Adam's string interpolation proposal

Posted 2019-05-13

Well, DConf was this week, but I only caught a couple hours of it due to technical difficulties on day one, timezone on day two, and personal life on day three, so I will have to write about that later.

This week though, I will talk about D string interpolation below, with my proposal.

Core D Development Statistics

In the community

Community announcements

See more at the announce forum.

My string interpolation proposal

The idea

Starting with Jonathan Marler's proposal, I want to propose a few additions and details. The big difference is I really want the interpolated string to make a new type. See here for some initial comments: https://github.com/dlang/DIPs/pull/140#discussion_r283385684

Here's the basic idea. Given:

int i = 50;
string cool = "amazing";
auto res = i"test $i$(30+5) $cool";

res is one of these:

1 struct ResultOfInterpolation__anonymous_name {
2 	// this allows easy DbI if necessary to identify we have one
3 	// of these
4 	enum __d_isInterpolatedString = true;
5 
6 	// the original string literal is also available for
7 	// future introspection.
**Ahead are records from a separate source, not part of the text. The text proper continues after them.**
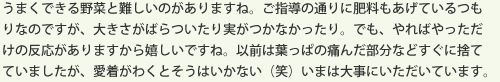 うまくできる野菜と難しいのがありますね。ご指導の通りに肥料もあげているつもりなのですが、大きさがばらついたり実がつかなかったり。でも、やればやっただけの反応がありますから嬉しいですね。以前は葉っぱの痛んだ部分などすぐに捨てていましたが、愛着がわくとそうはいかない（笑）いまは大事にいただいています。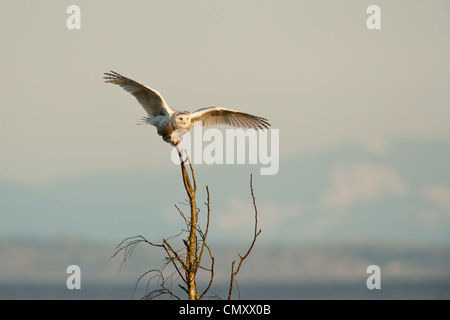 Snowy owl landing on tree in marsh-Boundary Bay, British Columbia, Canada. Stock Photo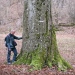 Hêtre des quatre chemins, Allonzier-la-Caille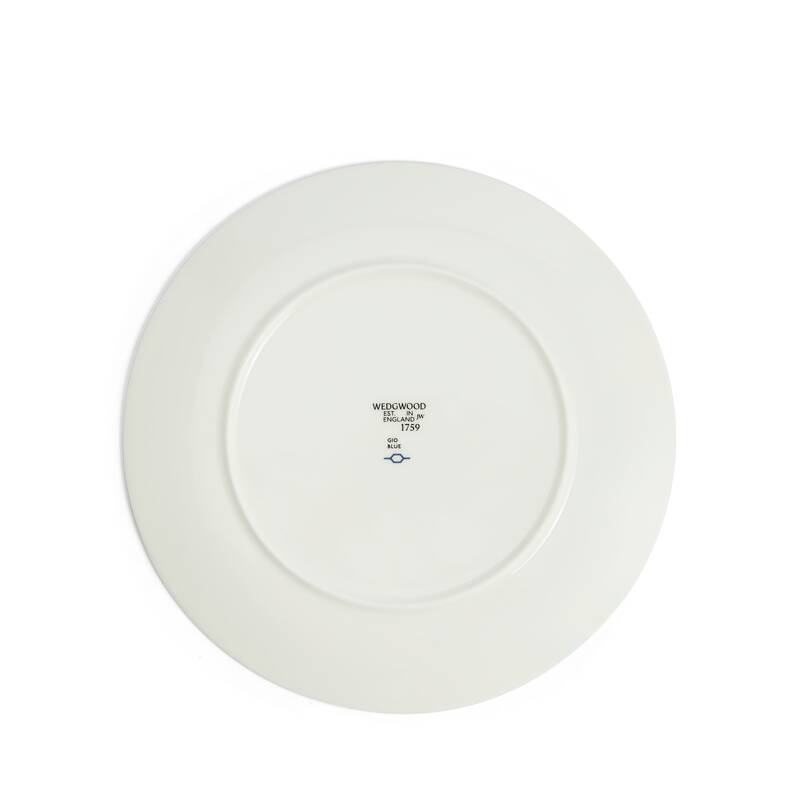 【公式オンラインストア6月11日先行発売】ジオ ブルー プレート 24cm ピンストライプ ブルー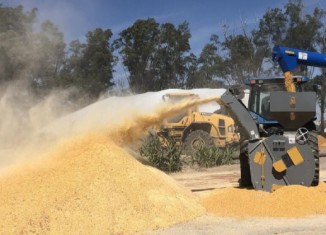 بۆ وەرگرتنا گەنمێ جۆتیاران ئەم چاڤەڕێ رازیبوونا وەزارەتا بازرگانیا ئیراقێینە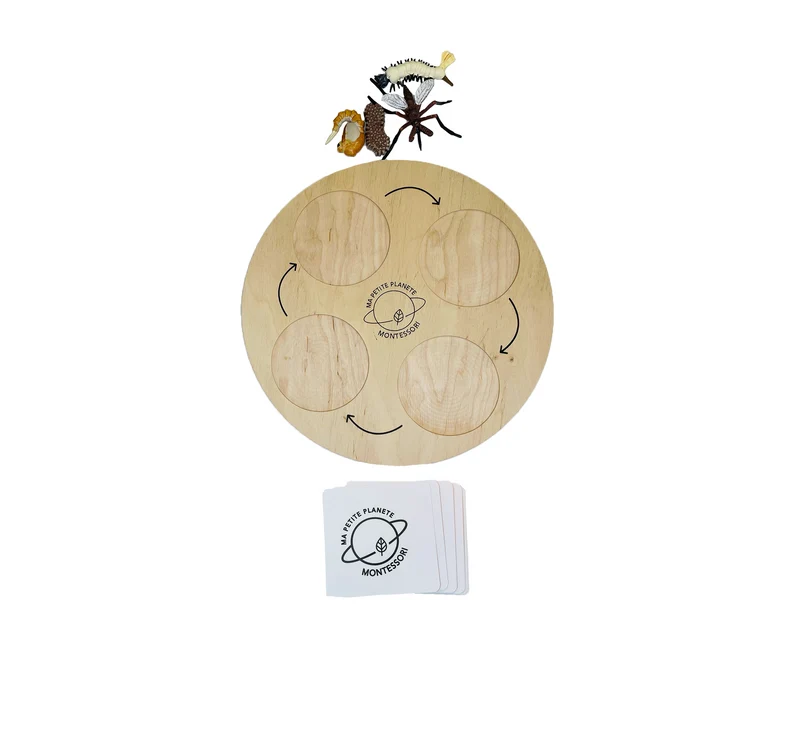 Coffret figurines le cycle de vie d'un moustique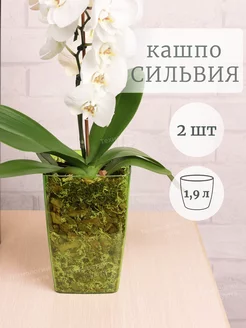 Горшок для орхидеи 1,9 л набор 2 шт Технологии Уюта 192976734 купить за 526 ₽ в интернет-магазине Wildberries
We might process this to get
8 	// original variable names and stuff or whatever in libs.
9 	enum string __d_originalString = "test $i$(30+5) $cool";
10 
11 	// notice the types of even numbered members are always string
12 	// odd ones are whatever the type of the expression inside the
13 	// interpolated string worked out to.
14 	//
15 	// (actually, it would be `args[0]` instead of `arg0` in the likely
16 	// real implementation, but I am spelling it out here to be explicit.)
17 	string arg0 = "test ";
18 	auto arg1 = 50; // the i got passed by value down here
19 	string arg2 = ""; // the gap between interpolation is always a string
20 	auto arg3 = 35; // the 30 + 5 is passed again
21 	string arg4 = " ";
22 	auto arg5 = "amazing"; // the cool var passed by value
23 
24 	// note that this is a zero-arg template, it is only compiled
25 	// when used, and works for constness, etc. too as an added bonus.
26 	string toString()() {
27 		import std.conv : text;
28 		return text(this.tupleof);
29 	}
30 
31 	// maybe this, read on
32 	alias toString this;
33 }

The names of the members are all well-defined and reliable for use for libraries and reflection.

Usage

This would be used in one of three ways:

  1. As a string:
    string s = i"foo $(bar)".toString();

    You'd call .toString on it (or it could be .text, I could go either way, but I lean toward toString because that is the traditional name for such a function.) and get a simple string. This is your most basic use-case and covers it without requiring an explicit import on the user end.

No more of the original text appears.